La nueva producción del gran Ridley Scott no podía ser menos espectacular. El británico, cuyo trabajo incluye películas de auténtico culto como Blade Runner y Alien, el octavo pasajero, se adentra en la compleja tarea de realizar un film de inspiración bíblica. El resultado es Exodus, una película llena de detalles que deja un sabor agridulce y muchas dudas. Su elaboración de los escenarios es impecable y el ritmo de la película bastante aceptable para una historia que no es sencilla de contar. Scott no falla en su labor, pero lo que nos entrega es una interpretación en muchos puntos inesperada que se topa con un imaginario acostumbrado a enfrentar esta historia de otra manera.

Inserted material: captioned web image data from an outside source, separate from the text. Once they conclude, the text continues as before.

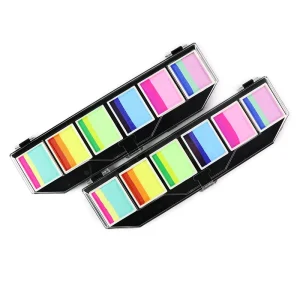 GP Private logo Water Based Vegan Non Toxic Professional Mineral Split Rainbow Cake Face Paint Palette Washable Body Art Makeup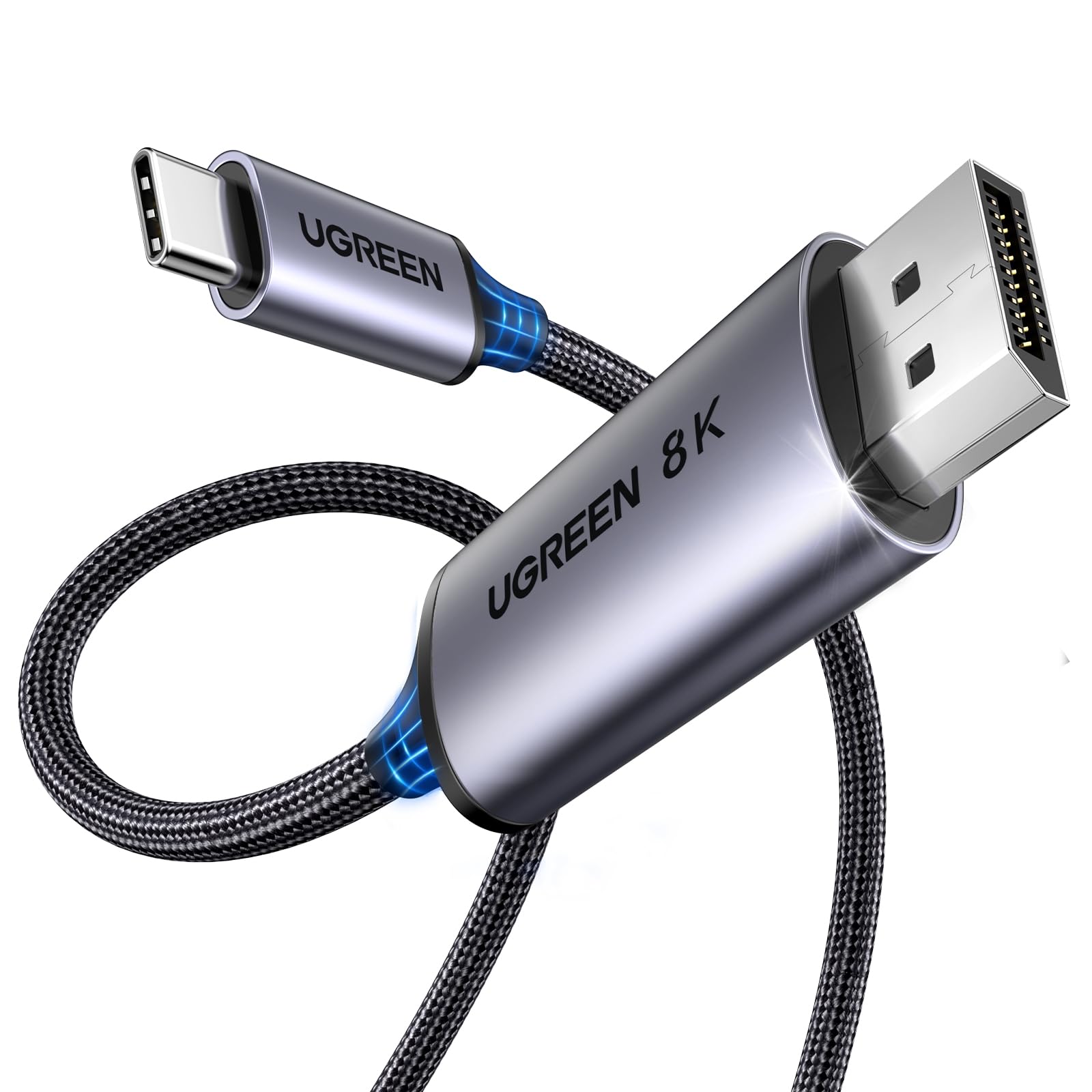 ugreen-cavo-usb-c-a-displayport-1-4-bidirezionale-8k-2m image 1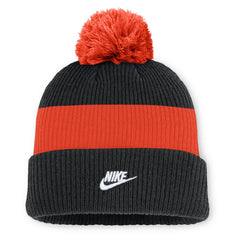 San Francisco Giants Nike Cooperstown Collection Peak Standard Cuffed Knit Hat with Pom - Black/Orange - Nike Online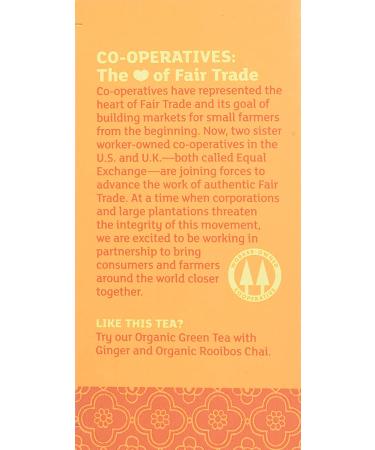Equal Exchange Organic Ginger Herbal Tea - Caffeine Free, 20 Tea Bags (1.05 oz) - Buy Online on SooperMarket.com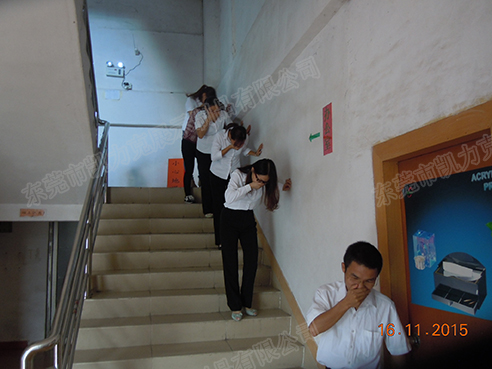 東莞凱力克消防（fáng）演習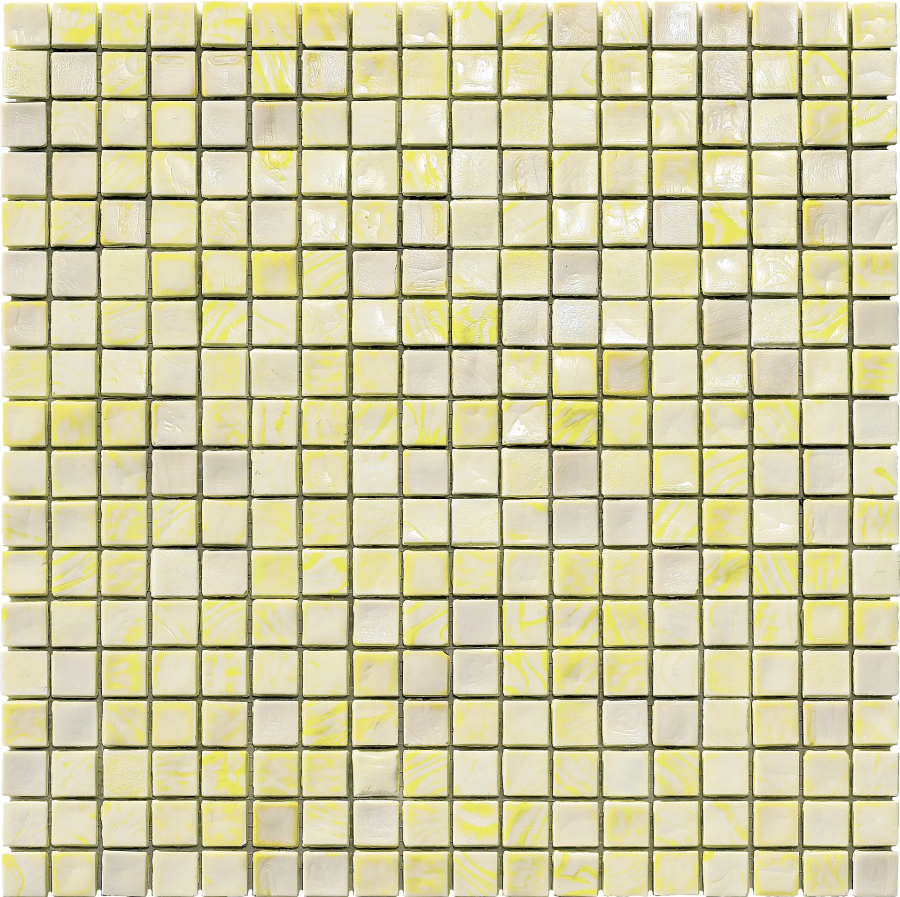 Sicis Стеклянная мозаика Murano Smalto Cadmium 3 chips size 10x10 mm sheet-size 295x295 mm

Vamos a decir lo obvio: son muy pocos los que han leído la Biblia y menos todavía los que lo hacen con mucha atención. Quejarse de que el relato no es fiel al texto es una fiel muestra de esto. No se puede hacer una película de un texto tan soso como el de los libros del Antiguo Testamento. Resulta muy ingenuo pedir de un producto cinematográfico una fidelidad al texto literario del que emana, más todavía si se trata de un texto bíblico. Pero esto, de nuevo, es algo obvio. Quiero remarcarlo para evitar enfrentarse a la película desde esta perspectiva  y hacerlo más bien como lo que es: una interpretación bastante libre de una historia que es de dominio público, a pesar de no ser muy leída.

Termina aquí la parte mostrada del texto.